§ Activity
Identify each line below that contains the word "Party", and copy it out.

══════════

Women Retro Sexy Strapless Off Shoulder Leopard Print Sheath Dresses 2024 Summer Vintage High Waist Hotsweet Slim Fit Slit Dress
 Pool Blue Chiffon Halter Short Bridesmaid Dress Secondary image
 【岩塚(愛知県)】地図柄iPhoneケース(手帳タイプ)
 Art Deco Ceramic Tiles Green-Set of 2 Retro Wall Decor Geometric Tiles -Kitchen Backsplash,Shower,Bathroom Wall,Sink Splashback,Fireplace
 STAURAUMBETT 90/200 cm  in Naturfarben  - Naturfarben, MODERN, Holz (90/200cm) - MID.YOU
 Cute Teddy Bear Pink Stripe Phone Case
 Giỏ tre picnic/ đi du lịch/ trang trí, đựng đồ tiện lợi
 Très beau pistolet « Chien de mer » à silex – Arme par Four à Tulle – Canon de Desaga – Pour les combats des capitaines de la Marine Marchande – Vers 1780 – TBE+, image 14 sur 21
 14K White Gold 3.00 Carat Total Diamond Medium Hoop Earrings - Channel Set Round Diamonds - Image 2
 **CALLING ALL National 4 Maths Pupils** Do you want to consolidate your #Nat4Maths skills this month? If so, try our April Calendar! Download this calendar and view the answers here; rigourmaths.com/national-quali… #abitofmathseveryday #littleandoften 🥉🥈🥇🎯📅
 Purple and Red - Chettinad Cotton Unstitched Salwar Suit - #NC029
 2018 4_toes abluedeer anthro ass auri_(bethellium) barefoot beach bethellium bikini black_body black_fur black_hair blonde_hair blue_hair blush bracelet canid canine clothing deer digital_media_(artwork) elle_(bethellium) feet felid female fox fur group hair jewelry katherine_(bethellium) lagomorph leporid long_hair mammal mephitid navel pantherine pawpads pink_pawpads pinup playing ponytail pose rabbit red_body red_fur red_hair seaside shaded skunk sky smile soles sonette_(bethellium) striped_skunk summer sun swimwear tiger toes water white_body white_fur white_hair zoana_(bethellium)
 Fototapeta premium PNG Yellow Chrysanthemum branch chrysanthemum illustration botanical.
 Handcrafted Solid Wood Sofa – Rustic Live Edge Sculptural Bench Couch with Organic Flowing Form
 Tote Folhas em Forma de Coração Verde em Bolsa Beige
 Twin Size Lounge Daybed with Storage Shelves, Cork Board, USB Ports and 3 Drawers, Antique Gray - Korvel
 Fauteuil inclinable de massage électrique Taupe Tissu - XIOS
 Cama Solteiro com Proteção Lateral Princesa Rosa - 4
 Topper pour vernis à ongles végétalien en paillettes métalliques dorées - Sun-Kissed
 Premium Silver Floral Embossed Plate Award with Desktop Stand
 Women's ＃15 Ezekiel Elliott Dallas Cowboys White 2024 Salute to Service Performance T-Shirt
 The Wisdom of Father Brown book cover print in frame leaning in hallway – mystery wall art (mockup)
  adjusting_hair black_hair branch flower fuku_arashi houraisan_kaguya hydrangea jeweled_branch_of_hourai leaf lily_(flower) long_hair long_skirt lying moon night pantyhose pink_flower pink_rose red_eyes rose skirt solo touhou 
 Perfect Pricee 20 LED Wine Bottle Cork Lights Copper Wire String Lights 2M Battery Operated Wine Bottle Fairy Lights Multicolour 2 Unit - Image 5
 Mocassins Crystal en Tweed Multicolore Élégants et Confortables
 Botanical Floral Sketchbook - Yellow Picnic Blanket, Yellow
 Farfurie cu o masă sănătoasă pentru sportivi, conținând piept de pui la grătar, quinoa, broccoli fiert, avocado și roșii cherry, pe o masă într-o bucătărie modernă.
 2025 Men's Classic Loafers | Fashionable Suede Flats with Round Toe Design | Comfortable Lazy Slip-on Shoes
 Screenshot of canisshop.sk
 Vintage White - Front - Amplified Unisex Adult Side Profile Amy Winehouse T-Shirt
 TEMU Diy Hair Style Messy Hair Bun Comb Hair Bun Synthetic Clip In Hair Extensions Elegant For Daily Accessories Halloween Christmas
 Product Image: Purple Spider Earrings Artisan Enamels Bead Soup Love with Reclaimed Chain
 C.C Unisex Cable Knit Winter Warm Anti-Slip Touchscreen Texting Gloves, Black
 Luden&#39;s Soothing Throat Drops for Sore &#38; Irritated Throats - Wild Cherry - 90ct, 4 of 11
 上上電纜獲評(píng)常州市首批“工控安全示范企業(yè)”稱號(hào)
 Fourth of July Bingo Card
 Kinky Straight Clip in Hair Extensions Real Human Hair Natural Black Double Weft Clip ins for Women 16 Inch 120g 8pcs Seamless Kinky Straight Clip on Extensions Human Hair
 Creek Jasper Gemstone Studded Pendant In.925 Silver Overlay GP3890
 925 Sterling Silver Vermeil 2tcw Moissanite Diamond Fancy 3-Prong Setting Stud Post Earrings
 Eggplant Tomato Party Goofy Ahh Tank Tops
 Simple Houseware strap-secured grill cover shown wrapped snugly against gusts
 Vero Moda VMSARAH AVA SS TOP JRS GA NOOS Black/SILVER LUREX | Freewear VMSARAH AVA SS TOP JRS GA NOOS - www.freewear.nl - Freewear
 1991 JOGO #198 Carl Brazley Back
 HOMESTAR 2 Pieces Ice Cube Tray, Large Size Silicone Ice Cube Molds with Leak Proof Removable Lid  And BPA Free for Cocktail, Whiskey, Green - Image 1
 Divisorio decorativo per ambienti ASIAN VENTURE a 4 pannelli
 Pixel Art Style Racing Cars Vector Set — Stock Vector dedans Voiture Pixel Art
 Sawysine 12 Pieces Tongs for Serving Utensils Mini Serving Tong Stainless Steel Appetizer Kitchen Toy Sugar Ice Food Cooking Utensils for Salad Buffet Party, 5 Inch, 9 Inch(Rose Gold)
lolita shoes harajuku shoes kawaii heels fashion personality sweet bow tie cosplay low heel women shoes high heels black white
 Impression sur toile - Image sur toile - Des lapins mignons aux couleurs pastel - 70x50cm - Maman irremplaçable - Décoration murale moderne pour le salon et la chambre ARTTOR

══════════

§ Finished exercise
 Eggplant Tomato Party Goofy Ahh Tank Tops
 Sawysine 12 Pieces Tongs for Serving Utensils Mini Serving Tong Stainless Steel Appetizer Kitchen Toy Sugar Ice Food Cooking Utensils for Salad Buffet Party, 5 Inch, 9 Inch(Rose Gold)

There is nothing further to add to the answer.